On August 22, 2020, CCMA Director Jinchao Xu was invited to teach a mini-course “Introduction to Deep Learning” as part of the 2020 PKU Biostatistics Summer School hosted by the PKU Department of Biostatistics and the Beijing International Center for Mathematical Research.
In this course, which consisted of a three-hour lecture, Prof. Xu began his discussion with an elementary introduction to deep learning, including deep neural network models, training algorithms, and applications. Next, he introduced a general function class of deep neural networks and discussed their mathematical properties. He discussed the convolutional neural network (CNN) as a special deep neural network and considered its applications for image classification. In particular, he presented a new CNN framework, known as MgNet[1], which is motivated and derived from the classical multigrid methods used to solve discretized partial differential equations. He also analyzed the most commonly used training algorithms, including the stochastic gradient descent method (SGD), and introduced the new extended regularized dual averaging (XRDA) method[2][3] as an alternative, noting that both of these can be effective for training sparse deep neural networks. Finally, he introduced some applications for biostatistics.
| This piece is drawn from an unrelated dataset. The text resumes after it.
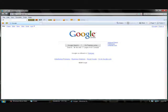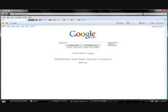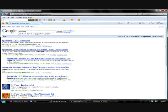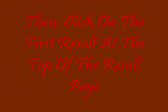First, go to google.com. Then, in the search box, search Skikonia. Once you have typed in Skikonia, you should enter the result page like this. Then click on the first result at the top of the result page, as indicated by the rectangle in this next slide. Then it should bring you to a page like this.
More than 200 participants, principally graduate students and professors, attended this lecture, which ended with an engaging and informative Q&A session.
References:
[1] He, Juncai, and Jinchao Xu. “MgNet: A unified framework of multigrid and convolutional neural network.” Science China Mathematics 62, no. 7 (2019): 1331-1354.
[2] He, Juncai, Xiaodong Jia, Jinchao Xu, Lian Zhang, and Liang Zhao. “Make \ell_1 regularization effective in training sparse CNN.” Computational Optimization and Applications 77, no. 1 (2020): 163-182.
[3] Siegel, Jonathan W., and Jinchao Xu. “Extended Regularized Dual Averaging.” arXiv preprint arXiv:1904.02316 (2019).